1. Jars of Clay-The Long Fall Back to Earth-The only sentence that will mention Jars of Clay's debut album is this one. There. Excluding If I Left the Zoo, Jars of Clay have shown growth and maturity with each subsequent release. Each has been great, but with Long Fall Jars has finally combined the consistent quality of their songwriting with a cohesion that has been intangibly missing. Each track explores different aspects of human relationships. Opener Weapons sounds like Coldplay with a soul, pleading for peace with a friend or lover. The speaker in Closer desires intimacy. Headphones is sung from the perspective of a boy who shuts the world out with his IPod, missing out on the chance of a relationship with a girl (sung by Katie Herzig) because he can't summon the will to escape his own private world. There Might Be a Light hopes for forgiveness. The Long Fall Back to Earth makes all other albums this year pale by comparison. Animal Collective. That stuff isn't actually music. Grizzly Bear. Snore… The Dirty Projectors. Are. Terrible. Jars of Clay's combination of songwriting, lyrics, musicianship, and compilation are second to none. It almost doesn't seem fair.
Listen to the whole album...NOW!!!

Also of note:

As Cities Burn-Hell or High Water-This is a great album from start to finish, nine songs of refreshing rock and roll from the now defunct band. This is about as good a swan song as you can get because it is too short, which I guess is a good way to leave your audience wanting more.
Listen to the whole album + awesome bonus track

Relient K-Forget and Not Slow Down-This is a solid album. Singer/songwriter Matt Thiessen is coming at this from an organic perspective of recovery, and there are some very good songs here, but as usual, there are a few that are weaker than the others, and knock this album, once again, from my "Top Nine" to my "Also of note".
Listen to the whole album

Asobi Seksu-Hush-Asobi Seksu has made a very pretty album. Unfortunately, that is the best thing I can say about it. It is good, but doesn't reach the ecstatic head-rush glory of its predecessor, Citrus, though Hush is still an enjoyable album.
Listen to the whole album

Biggest Disappointment-Dredg-The Pariah, The Parrot, The Delusion-No album could live up to the badness of this album's title. Unfortunately, the previous statement turns out to be false. The band that crafted the masterpiece El Cielo has sunk so low that only a third of this album is even listenable, only 1.5 songs even enjoyable. It is that bad. Why? I am just going to go out on a limb and say it is the drugs. Dredg have made no secret recently that they have been taking a lot of them. The last time I saw them live they actually invited the audience to do drugs with them from the stage. They weren't kidding. Maybe my sobriety is the impediment to enjoying this album. Maybe if I took drugs regularly, this album wouldn't sound like music composed by four randomly chosen frat guys with no previous songwriting experience. Yes, it is that bad. I am sorry to judge you, Dredg. You have given me so much previous enjoyment, but to my ears now, you have gone off the deep. I guess if I would just drop a few tabs of acid and snort a little coke, The Pariah, The Parrot, The Hell I am going to actually say the name of this album again would sound pretty good. Also, I will change my name to Hermunculous B Hippopotamus the Third. That would make sense.
Look at this picture of a penguin farting


didlake said...

I randomly found your blog and was pleased to see your response to Jars of Clays - especially your "one line" about their first album. I will have to disagree, however, about calling "If I Left the Zoo" an "immature" album. As I've pondered that album in the catalog of Jars of Clay's musical growth, I see it as being the hing-pin where the band started swinging toward a deeper sense of song writing.

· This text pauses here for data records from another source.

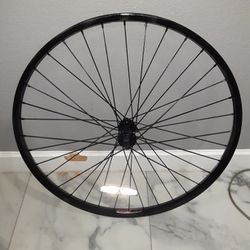 MATRIX 26 Inch Bike Wheel / Bicycle Rim ( Matrix Rueda / Llanta Para Bicicleta 26 Pulgadas )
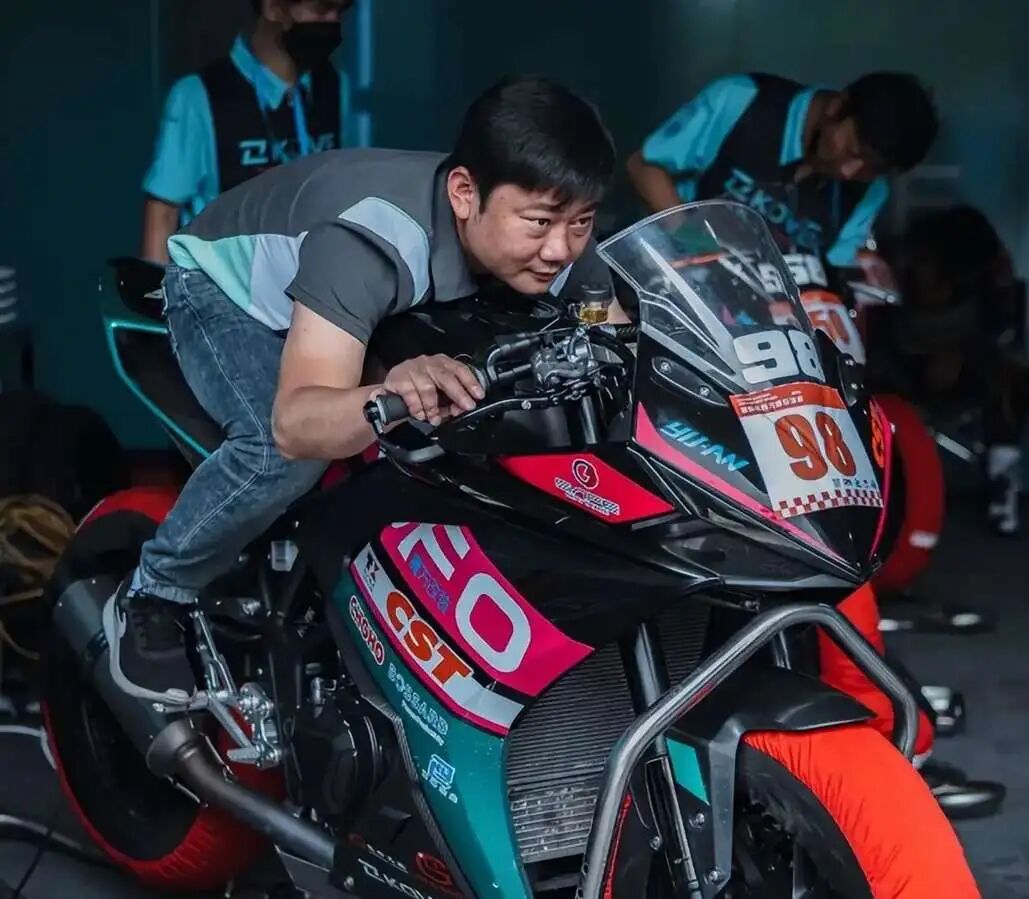 20年死磕，张雪骑出中国智造新答案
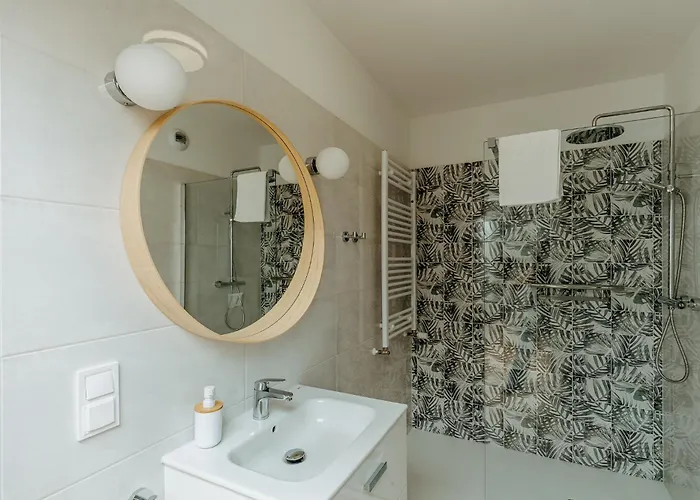 Niedaleko Dworca Od Wroclawapartament-pl Wroclaw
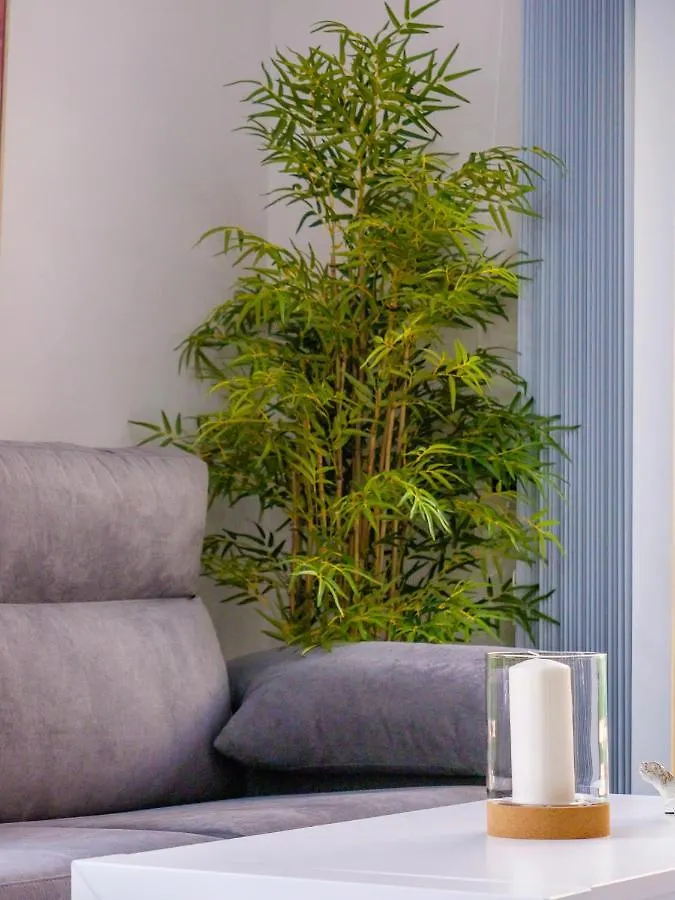 La Alcazaba - Exclusive Penthouse Appartement Málaga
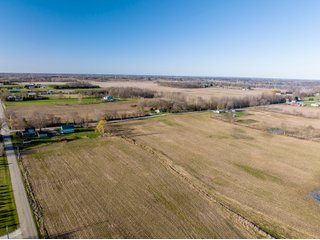 Property photo 9 - LAND AUCTION - 48+/- ACRES OFFERED IN 4 TRACTS IN KOSCIUSKO COUNTY, INDIANA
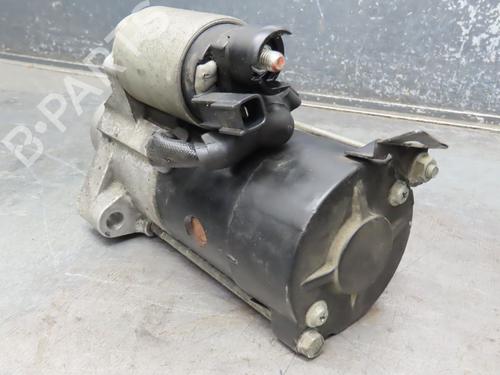 Starter HONDA CIVIC VIII Hatchback (FN, FK) 2.2 CTDi (FK3) | BP17609604M8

"Jars of Clay" and "Much Afraid" were both quite similar in their approach to music, though one shocked their acoustic fans pretty heavily. "If I Left the Zoo" is their projection of where they were going to go as a band, and go there they did.

Personally, I think their deepest track of all time comes off that album: "River Constantine."


Nicholas said...

Good point. While I don't particularly like it, "If I Left the Zoo" certainly is not immature, and I was incorrect in implying it to be so. I can see what you are saying about it being a hinge-pin. Even the title speaks of them stepping out to something bigger. I try to give it another chance every couple of years. Maybe it's about time.

Anonymous said...

worms committing suicide



Nicholas said...

Actual Mars Volta lyrics from this album:
Vanished to 5th dementia/
Cables of ringworms
have hung themselves/
Of this I ate.../
Communion shaped/
Serpent rays in prism tail rainbows escape
-Halo of Nembutals

Neal said...

I was particularly please with U2's latest release as well. How to Dismantle an Atomic Bomb was okay, but it was far too... how do I describe this? "Pop rock U2." Or something like that. I didn't feel like they really tried with it, and it felt too much like a softer, more radio friendly version of All That You Can't Leave Behind (the album before Atomic Bomb).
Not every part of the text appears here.